It is rapidly becoming apparent that most people don’t understand dealing with a pandemic, or the transition from pandemic to endemic illness. The odds of crushing this out the way that SARS or MERS were dealt with in the past are nonexistent now – C19 is with us to stay. The flip side is that with the omicron variant, we are seeing a less deadly form, which is what evolution would predict – after all, an organism that kills its host hasn’t got long to live itself. C19 was not “just like the flu” in its original forms, but it is becoming more like the flu – which is to say, we have a vaccine against it, and we have treatments for it if you catch it, and it is still deadly to those with underlying health issues or compromised immune systems, but it should not be lethal for the majority of the population if properly dealt with.
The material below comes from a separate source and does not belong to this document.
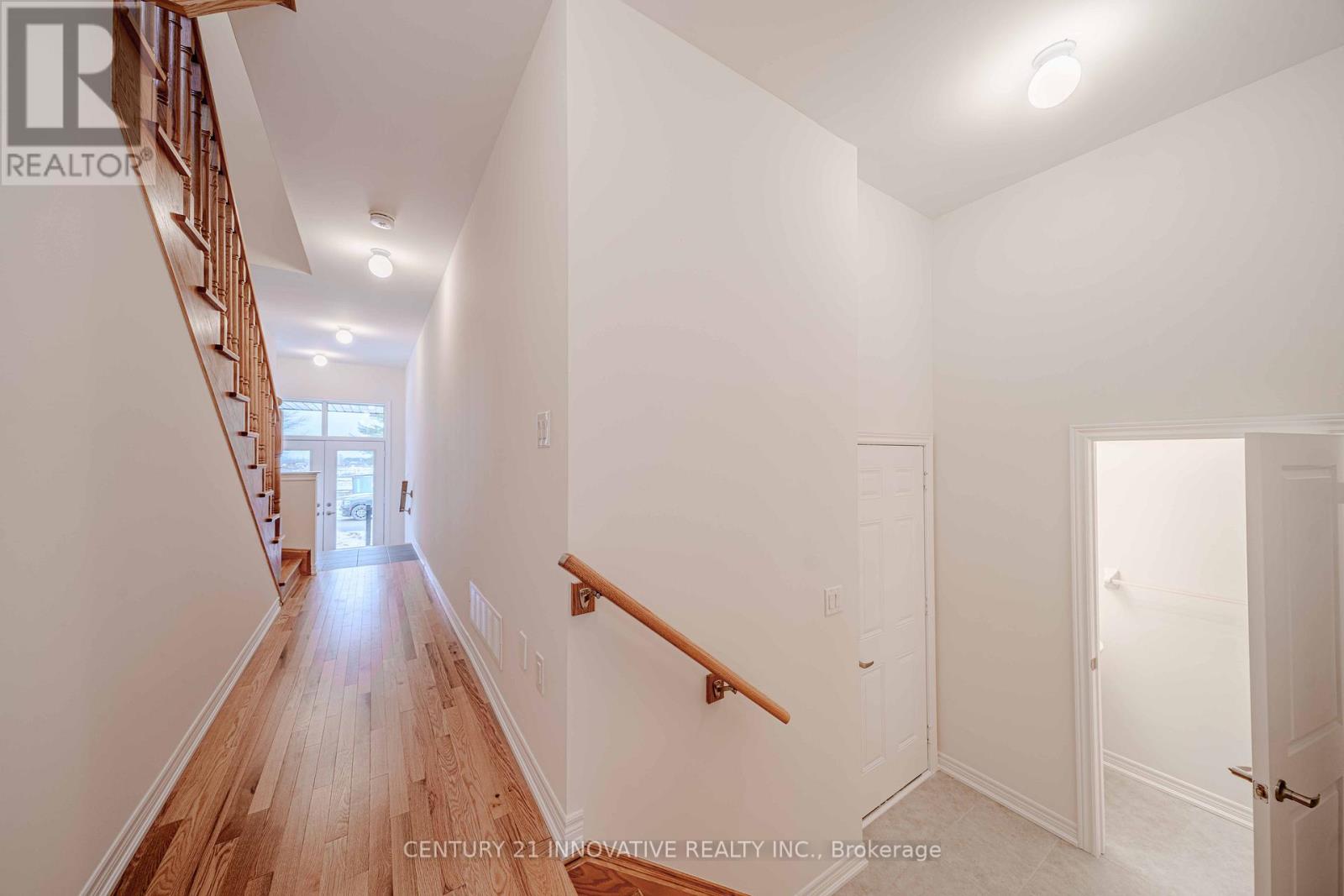 2057 Horace Duncan Crescent, Oshawa, Ontario  L1L 0W4 - Photo 5 - E12647426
At least, that’s what could be the case. We would still need the Pfizer treatment to be as cheap and effective as, say, tamiflu. And we would need the vaccines to remain efficacious or quickly updatable, with the expectation that you’ll get the shot every year, same as a flu shot. And some people will get it, but it will be treatable with bed rest and hot liquids and the tamiflu equivalent, and it will not tax the health care system for them to recover at home.
Because all along, that has been the principal limiting factor: does the health care system have the capacity to absorb C19 patients? It has the capacity to absorb flu patients, and if C19 becomes the flu, that capacity is still there. If hospital ICUs and ERs are still filling with patients who require intubation and monoclonal antibodies and extreme care, then it is not the flu yet and we still have a problem that requires extreme measures. At this point, it’s not about wiping out C19, it’s about eliminating the need for these extreme measures.
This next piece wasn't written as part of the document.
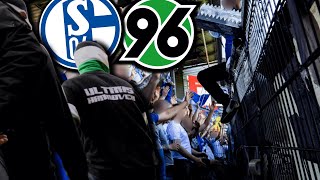 Zaunfahnenklau bei Hannover vs Schalke [upl. by Lleunamme]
And right now that is not a difficult proposition. Wash your hands, wear a mask, ESPECIALLY wear a mask if you think you might be coming down with something – which people in Asia and Asian people in the Bay Area have done for decades, seeing people in face masks at the farmer’s market in winter was a totally unremarkable event before 2020 – and either create social distancing indoors or require a mask in environments that are crowded and conducive to spreading colds, like aircraft for instance. I can’t remember a flight I took between 2005 and 2016 that didn’t have a sinus infection concerned in it somewhere after.
It’s not about making C19 go away, that ship has sailed. Now it’s about lowering the impact on public health, such that fewer people get it badly enough to require hospitalization and that the people with other things – stroke, heart attack, broken leg, transplant, cancer – aren’t driven out of the hospital by the volume of C19 patients. We should probably stop using percentage positive as the metric for remediate measures and start using “percentage of area excess hospital capacity available”. If all the hospitals within 100 miles of you are full up, it’s mandatory masks everywhere and we’re gonna play games in empty arenas until it throttles back down.
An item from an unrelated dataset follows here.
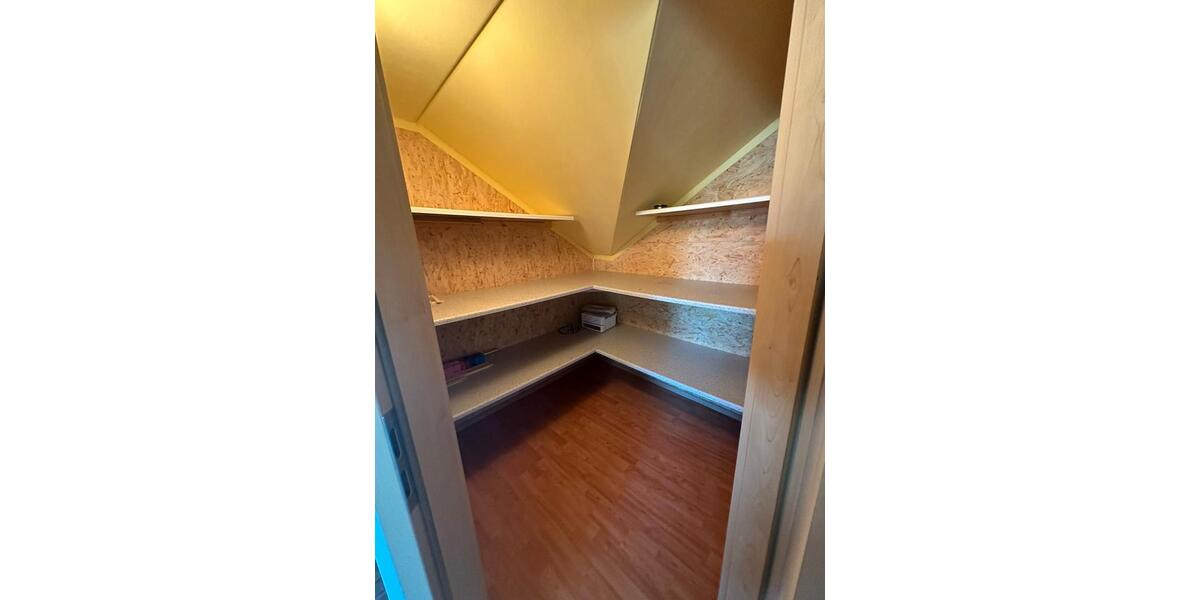 Dachgeschoßwohnung Rimbach - 3 Zimmer, 145 m&sup2;, 850&euro; | Angebot:26387100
And above all, it’s time to make the vaccine pass a thing. If you have three shots, you can pretty much go anywhere. If you don’t, you’re going to have to take extra measures and there may be limits on where you can sit and what you can do. Probably not forever, possibly not even for very long, but the evidence has proven so far that when you force people to get vaccinated or lose their job, 99% of people will (and let’s face it, there’s no org that’s not better off losing the most recalcitrant 1% of their staff). In a world where you need a measles shot to start college and you need a license and insurance to drive your car and you have to have a blood test to get married, mandating a C19 vaccination for the duration of the pandemic is not outrageous or unreasonable.
Because the objection to the vaccine is in bad faith all the way around. A few years ago, when antivax was mostly the province of Marin hippie parents , conservatives fell about themselves to trumpet the value of the measles shot and demand that students not be able to come to school sick, because it was something to bash their enemies with. Now it’s become a shibboleth of fidelity to stupid-worship, which is all that being a Republican means any more: the worship of stupidity over everything and anything else. It’s long past time for private business to do what governments can’t or won’t: proof of vaccination or you aren’t riding Space Mountain. Proof of vaccination or you can watch the Cowboys and the Bucs on TV. Proof of vaccination or your kids will make you FaceTime instead of bouncing the grandchild on your knee.
The fundamental flaw of the 21st century is that we gave up on any idea that living in a society requires responsibility and that you can’t do whatever you want, whenever you want. If people wouldn’t sacrifice in the face of the Pentagon and the World Trade Center, they certainly won’t give way for a virus when all the cable news assholes encourage them to believe the Facebook bullshit. And the conservative governments in the UK and elsewhere aren’t calling it fake and throwing open the doors. This is American exceptionalism at its worst, and it’s making me really wish I could get that Irish passport somehow.